_The problem_
Which lines run from the one containing "Marvel and dc Funkos and comics" to the end of the listing? Copy them out exactly, leaving out the rest.

_The data_
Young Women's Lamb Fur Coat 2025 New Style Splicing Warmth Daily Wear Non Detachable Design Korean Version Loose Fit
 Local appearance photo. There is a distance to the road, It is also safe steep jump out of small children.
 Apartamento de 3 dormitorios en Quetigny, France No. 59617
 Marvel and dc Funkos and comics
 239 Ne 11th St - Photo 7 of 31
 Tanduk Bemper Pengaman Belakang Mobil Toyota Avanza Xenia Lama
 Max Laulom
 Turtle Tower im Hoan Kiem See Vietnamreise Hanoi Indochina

_Output of the exercise_
 Marvel and dc Funkos and comics
 239 Ne 11th St - Photo 7 of 31
 Tanduk Bemper Pengaman Belakang Mobil Toyota Avanza Xenia Lama
 Max Laulom
 Turtle Tower im Hoan Kiem See Vietnamreise Hanoi Indochina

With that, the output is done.